I’m running HMC to learn a normal distribution, and conditioning on a categorical distribution. A very simplified example of my model is as follows:

from __future__ import absolute_import
from __future__ import division
from __future__ import print_function
import edward as ed
import numpy as np
import tensorflow as tf
from edward.models import Empirical, Normal, Categorical
from edward.inferences import HMC
mu = Normal(mu=0.0, sigma=1.0)
x = Normal(mu=tf.ones(50) * mu, sigma=1.0)
cat = Categorical(p=x)
observed = 3
qmu = Empirical(params=tf.Variable(tf.zeros([1000])))
inference = ed.HMC({mu: qmu},data={cat: observed})
inference.run()
sess = ed.get_session()
print(sess.run(qmu.params))

The acceptance rate is 0, and as a result, I end up with an empirical distribution of 0s for qmu, after inference. I assume this is a conceptual problem, not a coding one, but I’m not quite sure what I’m doing wrong.

As a follow up to this, I’m having trouble finding ways to do exact inference, on a distribution with discrete support in Edward. For example, suppose I have a joint distribution, over a Normal and a Categorical. I assume the Edwardian method is to compose two inference algorithims, e.g. HMC for the Normal, and something that supports discrete distributions for the Categorical. Sorry if this doesn’t make sense - happy to go into more detail, but not sure if this is the right place to sort out my conceptual confusions.

The model is not well-defined. You’re defining x as a Normal prior and then parameterizing cat's probabilities according to its sample. If you want to parameterize a Categorical with real values, try its logit parameterization. Swapping the line with

cat = Categorical(logits=x)

works. (Also, note you are defining a prior for x but not performing any inference on it. This is fine only in toy problems like this.)

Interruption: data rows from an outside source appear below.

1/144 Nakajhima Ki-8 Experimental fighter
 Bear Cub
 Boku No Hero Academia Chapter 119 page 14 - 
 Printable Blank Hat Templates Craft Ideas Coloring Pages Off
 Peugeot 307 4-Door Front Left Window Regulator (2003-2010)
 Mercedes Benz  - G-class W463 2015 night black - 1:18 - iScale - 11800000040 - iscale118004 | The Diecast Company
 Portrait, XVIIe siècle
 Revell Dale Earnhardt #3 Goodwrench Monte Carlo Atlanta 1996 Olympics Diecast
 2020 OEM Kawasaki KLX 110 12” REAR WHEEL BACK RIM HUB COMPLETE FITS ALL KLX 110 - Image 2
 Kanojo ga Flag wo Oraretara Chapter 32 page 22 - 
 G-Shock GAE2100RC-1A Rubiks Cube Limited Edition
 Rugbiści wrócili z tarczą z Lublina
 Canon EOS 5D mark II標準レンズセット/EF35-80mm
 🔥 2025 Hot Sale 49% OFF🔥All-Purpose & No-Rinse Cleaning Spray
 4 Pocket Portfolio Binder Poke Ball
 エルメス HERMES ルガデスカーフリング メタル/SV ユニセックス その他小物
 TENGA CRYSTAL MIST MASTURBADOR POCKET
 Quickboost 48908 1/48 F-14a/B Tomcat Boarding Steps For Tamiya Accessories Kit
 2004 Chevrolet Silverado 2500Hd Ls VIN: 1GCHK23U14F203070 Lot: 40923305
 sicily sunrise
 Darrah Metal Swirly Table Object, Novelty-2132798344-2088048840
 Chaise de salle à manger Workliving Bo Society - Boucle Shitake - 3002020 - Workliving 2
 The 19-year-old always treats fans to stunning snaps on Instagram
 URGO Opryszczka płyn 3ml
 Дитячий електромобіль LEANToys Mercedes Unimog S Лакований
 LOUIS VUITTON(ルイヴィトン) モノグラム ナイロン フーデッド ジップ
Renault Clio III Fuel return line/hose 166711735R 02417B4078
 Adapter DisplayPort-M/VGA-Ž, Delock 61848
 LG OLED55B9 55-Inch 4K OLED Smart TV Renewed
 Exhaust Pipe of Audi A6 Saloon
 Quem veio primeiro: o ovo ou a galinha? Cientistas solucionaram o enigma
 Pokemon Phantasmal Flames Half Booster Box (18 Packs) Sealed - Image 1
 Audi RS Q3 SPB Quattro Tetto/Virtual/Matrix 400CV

suppose I have a joint distribution, over a Normal and a Categorical. I assume the Edwardian method is to compose two inference algorithims, e.g. HMC for the Normal, and something that supports discrete distributions for the Categorical.

It depends on what variables are latent and what variables are observed. In the provided example, the data is discrete (the categorical variable is observed). Thus you don’t need to do any “inference” over it; you only need to do inference over the unobserved variables (the normal).

Thanks - yeah, I see that the toy example I gave was ill-defined, sorry about that. As for the other question, I’m having a little trouble working out from the docs how to do exact inference for a discrete distribution. Say I have two latent variables: one is a Normal distribution, the other a Categorical. I want to use HMC for the former and something exact for the latter. My understanding is that I can just do two separate inferences, one for each, but if so, what class of inference should I use for the categorical?

Thanks, and good job with Edward - it’s really awesome!

if so, what class of inference should I use for the categorical?

There’s no universal solution: any inference that works over discrete variables is worth experimenting with (e.g., ideally Gibbs, or KLqp, or MetropolisHastings). You can refer to the reference (http://edwardlib.org/api/reference). You mention you want something “exact”. Can you elaborate?

What I was thinking of was something like webppl’s “enumerate” inference, which just gives a deterministic solution to the inference problem by enumerating through the support of the discrete distribution. I’m currently doing this “by hand” in Edward, but wanted to check if there was a more Edwardian way.

You can use the Mixture random variable, which integrates out the categorical probabilities. It’s also more efficient than naive approaches in that its log-density uses the logsumexp trick.

I suppose we could also have something like a ed.enumerate(x) function if helpful. It can return a Mixture random variable integrating over all the {categorical,bernoulli,multinomial,binomial} random variables that x depends on.

Ah, that makes sense, thanks! I guess “enumerate” might be useful for examples for people new to probabilistic programming, in order to show simple cases of inference, but this solution seems good.